There are plenty of COBOL Programmers out there, the problem is nobody in IT wants to hire old people.
Why would you need a programmer to change people's pay in the system?
Oh, wait; you don't. This is just more politics...
If you're going to pull a lame excuse out of your ass for why a decision can't by fulfilled, don't make it known that you're against said decision.
...expect minimum wage results.
The problem is this person is lying. Seriously, wages change all the time; probably at least once a year people get reviewed and get raises; you're going to tell me there's a 9 month backlog?
And why on earth would it take 50% longer to raise them back up again? That makes absolutely no sense.
There's only one obvious conclusion: the state controller is lying.
Stupid sexy Flanders.
I can easily picture a system that encodes rules about pay grade differences derived from huge piles of laws, union contracts, and so forth. Changing everyone's pay to the same low level would violate all kinds of intertwined constraints and validation checks, and thus be rejected. I imagine the time quoted to make this change is due to the need to work around these cross-checks without eliminating them entirely, as most of the time (i.e., when the governor isn't posturing) they are quite useful to help avoid illegal or improper changes.
When all you have is a hammer, everything looks like a skull.
I don't know about you, but I live in the richest nation on Earth (which has a government that acts like it owns the universe). We spend more than 5x on our military each year (not counting "supplemental" spending on wars, interest on loans for said wars and other related costs) than it would cost to feed every hungry person on the planet, according to UN figures. The workers of the United States are some of the most productive in the world and we collectively create vast riches--for a tiny minority of people at the top who "own" the factories and businesses from which this wealth is extracted. This is nothing more than organized theft.
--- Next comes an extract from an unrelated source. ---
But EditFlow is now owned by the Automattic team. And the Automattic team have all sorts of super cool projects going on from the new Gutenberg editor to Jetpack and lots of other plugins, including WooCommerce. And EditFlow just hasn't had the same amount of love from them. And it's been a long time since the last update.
Under a sane, rational system all workers would share in the wealth we create. When we discover new techniques that make our jobs more efficient, we would all work less--instead of under capitalism, which results in layoffs and fewer people working more. We wouldn't waste trillions on killing people--we'd spend trillions to create good jobs that serve important needs: like educating people, healing them, building efficient mass-transit and clean, renewable energy sources (all of which create more and better jobs than military spending does).
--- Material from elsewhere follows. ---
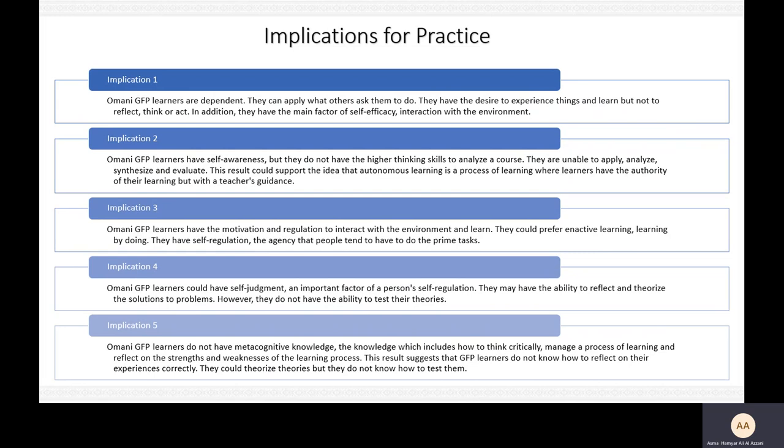They are unable to apply, analyze, synthesize, and evaluate. This result could support the idea that autonomous learning is a process where learners have the authority of their learning, but with a teacher's guidance.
Instead we live in a world where a handful of parasites lets their own short-term, profit-oriented interests dictate policy for the rest of us. They get to force their pro-capitalist dogma onto us in schools, textbooks and via the media they own, so that people believe that the current system is the way things should be and always will be (just as the Church and nobility once taught serfs and merchants to remain in their places).
There's no reason we can't provide a job, food, clothing, shelter and health care for every single person on the planet--except that it wouldn't be profitable for the people at the top, and they are not going to give up their power and privilege without a fight.
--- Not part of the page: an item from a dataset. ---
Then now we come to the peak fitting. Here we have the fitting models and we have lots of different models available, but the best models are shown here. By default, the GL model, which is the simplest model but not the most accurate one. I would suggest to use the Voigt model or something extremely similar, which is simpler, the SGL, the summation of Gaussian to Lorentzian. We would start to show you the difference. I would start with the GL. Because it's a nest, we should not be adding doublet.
Because you aren't changing their salaries. You are paying them a partial salary for the duration of the budget crisis and then back paying them all that remains.
What do you do about health insurance payments -- what if their current options cost more that they are being paid.
Do their 401K deductions and the resulting match go into their account now?
There are a bunch of questions that come up when you start dealing with HR issues. Nothing is ever simple there.
Don't get me wrong I support Arnold's effort to cut state spending to try and lower their defecit. But this might be more difficult to implement than it might seem at first glance.